■ Goal of the exercise
In the records below, find the line with "Gold hoop earrings", then copy each line exactly until you have copied the line with "mediterranean / spanish house with a garage". Leave any picture out.

■ Given records
-------------------------
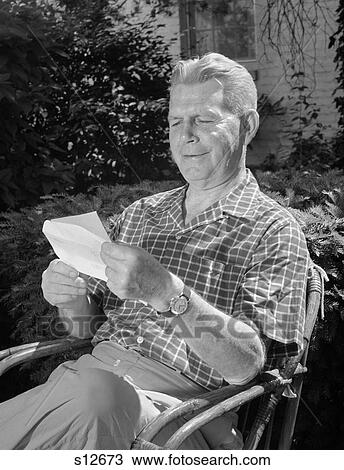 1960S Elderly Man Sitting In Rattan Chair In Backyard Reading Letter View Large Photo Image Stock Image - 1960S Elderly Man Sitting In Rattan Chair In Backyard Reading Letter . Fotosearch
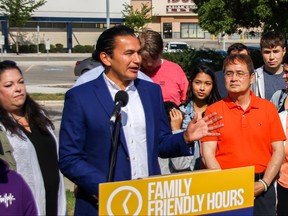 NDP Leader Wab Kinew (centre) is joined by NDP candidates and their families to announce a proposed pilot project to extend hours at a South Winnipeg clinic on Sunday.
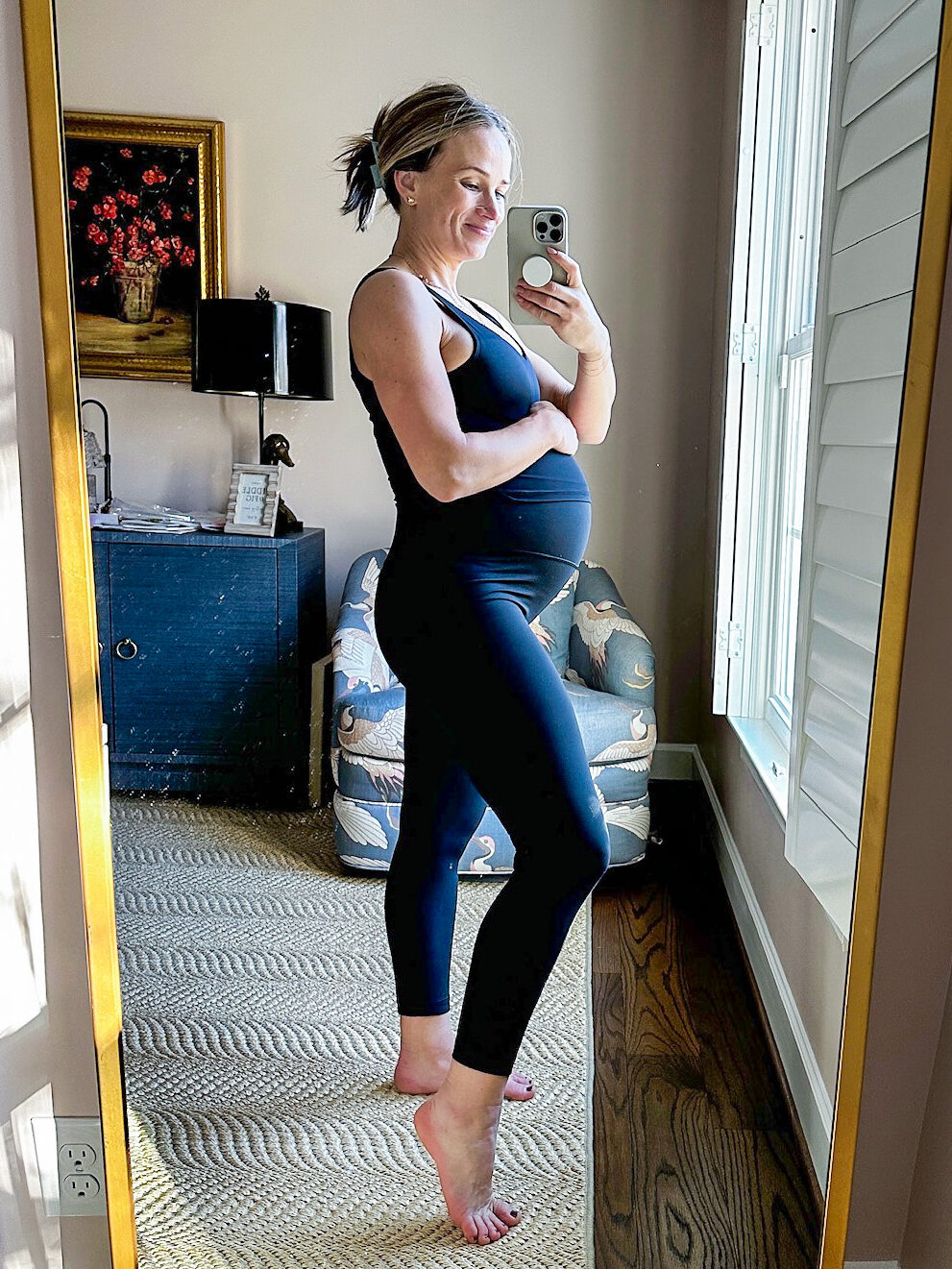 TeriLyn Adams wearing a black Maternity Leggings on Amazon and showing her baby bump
-------------------------
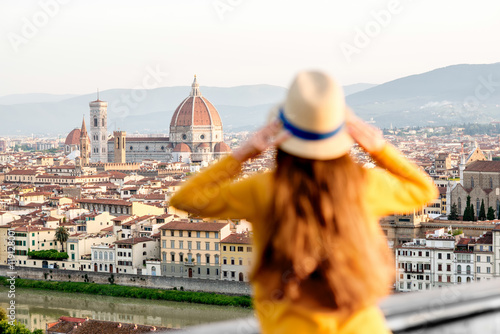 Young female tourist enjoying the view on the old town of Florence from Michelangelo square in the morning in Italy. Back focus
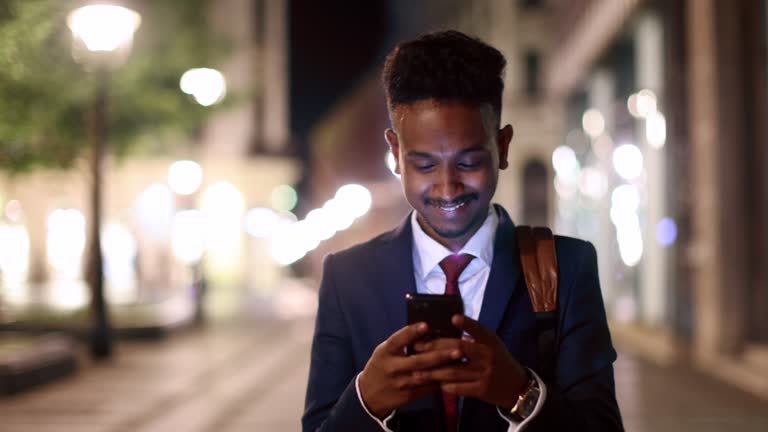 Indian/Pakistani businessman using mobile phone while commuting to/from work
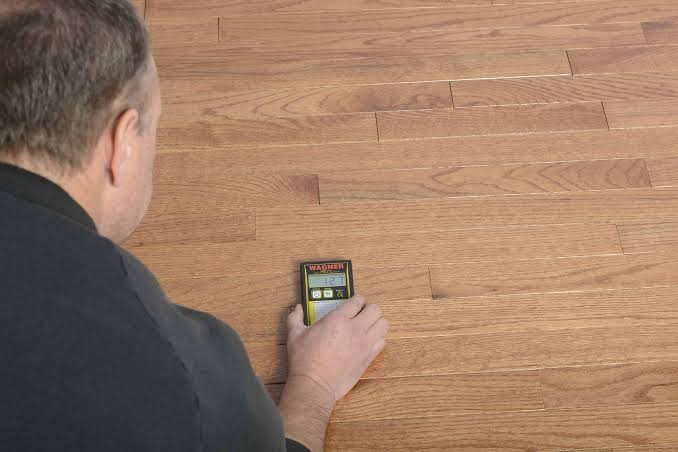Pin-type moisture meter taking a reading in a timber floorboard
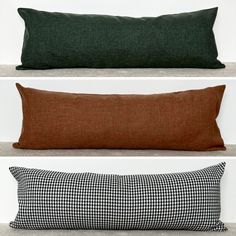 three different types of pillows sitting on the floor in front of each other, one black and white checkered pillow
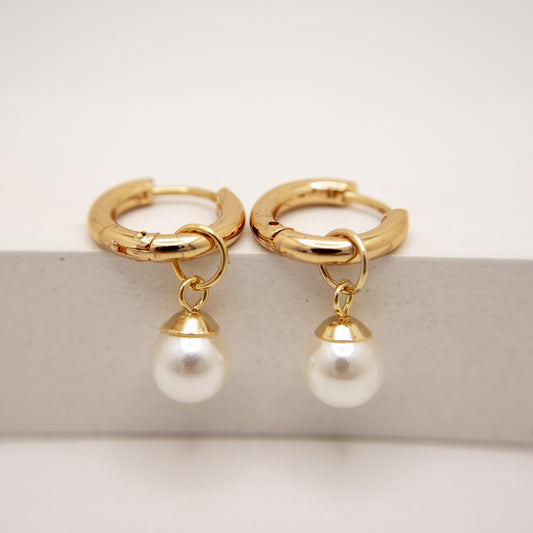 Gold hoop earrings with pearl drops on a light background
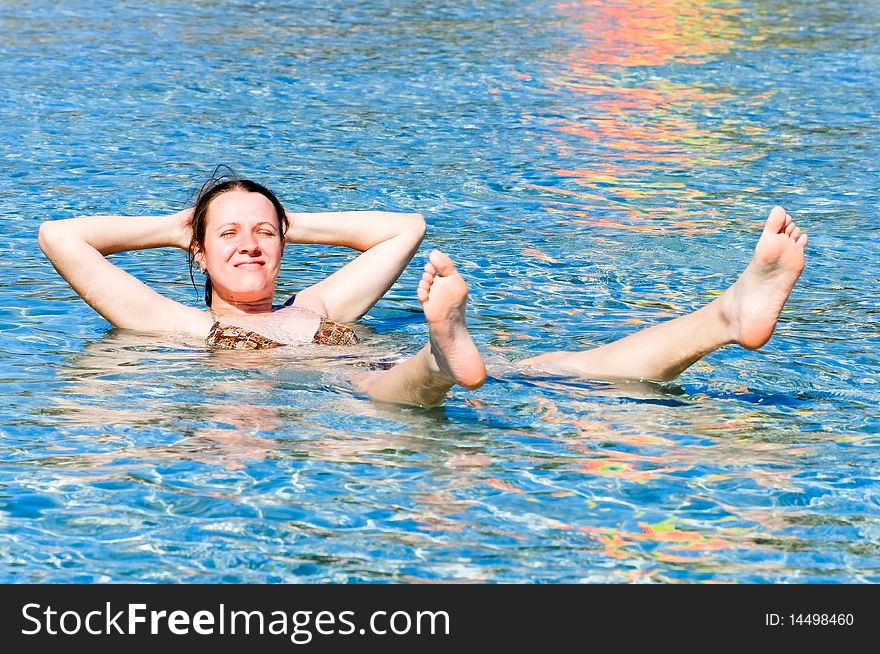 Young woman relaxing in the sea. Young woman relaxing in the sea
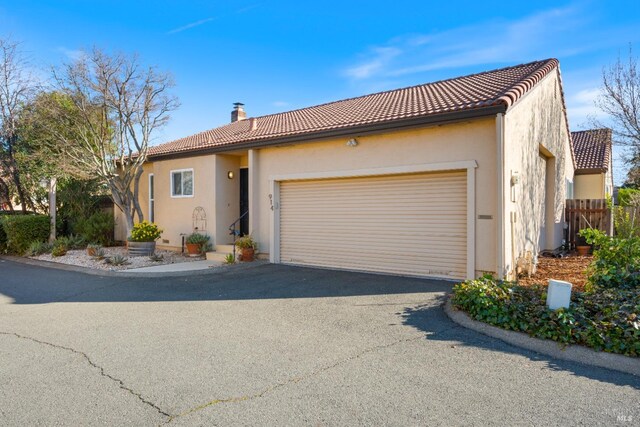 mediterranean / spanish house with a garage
-------------------------
■ Response to this task
 Gold hoop earrings with pearl drops on a light background
 Young woman relaxing in the sea. Young woman relaxing in the sea
 mediterranean / spanish house with a garage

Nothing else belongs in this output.